PAR CES MOTIFS, La Chambre de surveillance : Déclare irrecevable la plainte formée le 18 octobre 2015 par M. B______ contre l'avis de saisie établi à son encontre et transmis par l'Office des poursuites à la Caisse de prévoyance de l'Etat de Genève le 22 octobre 2015. Siégeant : Madame Valérie LAEMMEL-JUILLARD, présidente; Madame Natalie OPPATJA et Monsieur Mathieu HOWALD, juges assesseur(e)s; Madame Véronique PISCETTA, greffière.

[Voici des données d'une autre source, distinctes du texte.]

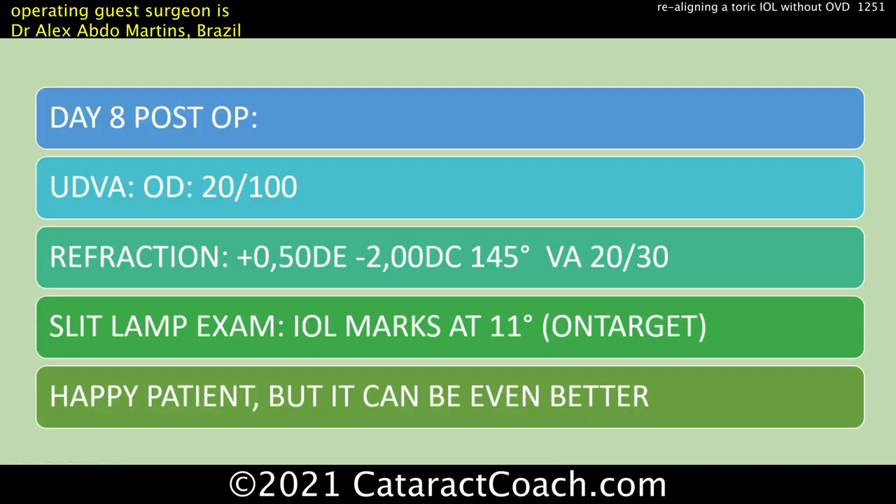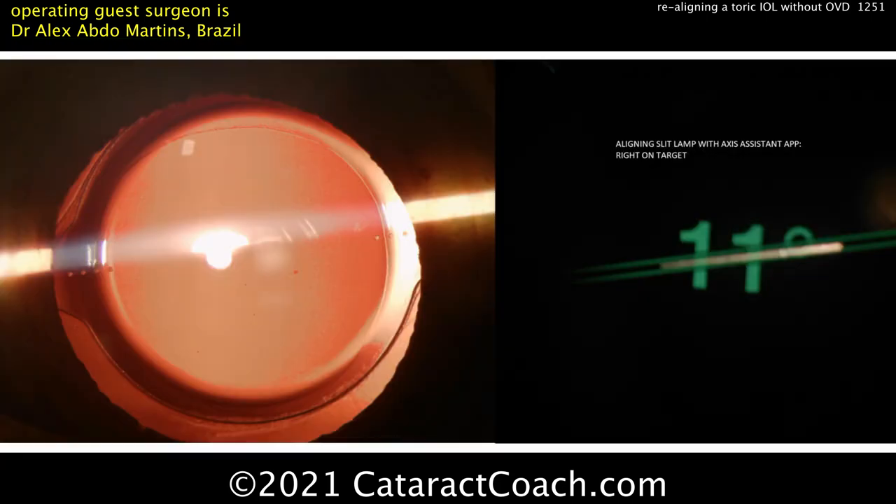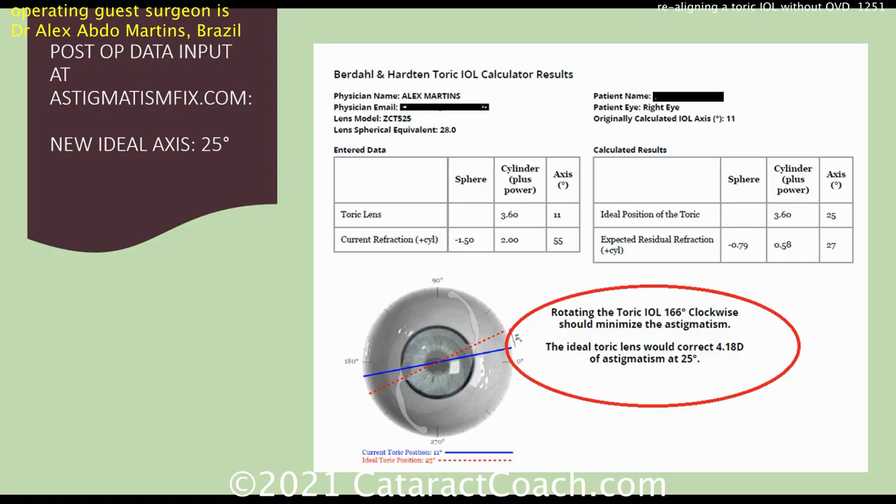Day eight post-op: 20/100 vision. Look at the refraction — plus a half, minus two at 145. But the lens looks like it's really on target. Patient is pretty happy as is. You can see it's measuring exactly at 11 degrees — the lens is at the intended axis, literally right on target. But can it be better?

La présidente : Valérie LAEMMEL-JUILLARD

La greffière : Véronique PISCETTA

Voie de recours : Le recours en matière civile au sens de l’art. 72 al. 2 let. a de la loi sur le Tribunal fédéral du 17 juin 2005 (LTF; RS 173.110) est ouvert contre les décisions prises par la Chambre de surveillance des Offices des poursuites et des faillites, unique autorité cantonale de surveillance en matière de poursuite pour dettes et faillite (art. 126 LOJ). Il doit être déposé devant le Tribunal fédéral, 1000 Lausanne 14, dans les dix jours qui suivent la notification de l'expédition complète de la présente décision (art. 100 al. 1 et 2 let. a LTF) ou dans les cinq jours en matière de poursuite pour effets de change (art. 100 al. 3 let. a LTF). L’art. 119 al. 1 LTF prévoit que si une partie forme un recours ordinaire et un recours constitutionnel, elle doit déposer les deux recours dans un seul mémoire. Le recours doit être rédigé dans une langue officielle, indiquer les conclusions, en quoi l'acte attaqué viole le droit et les moyens de preuve, et être signé (art. 42 LTF). Le recours doit être adressé au Tribunal fédéral, 1000 Lausanne 14.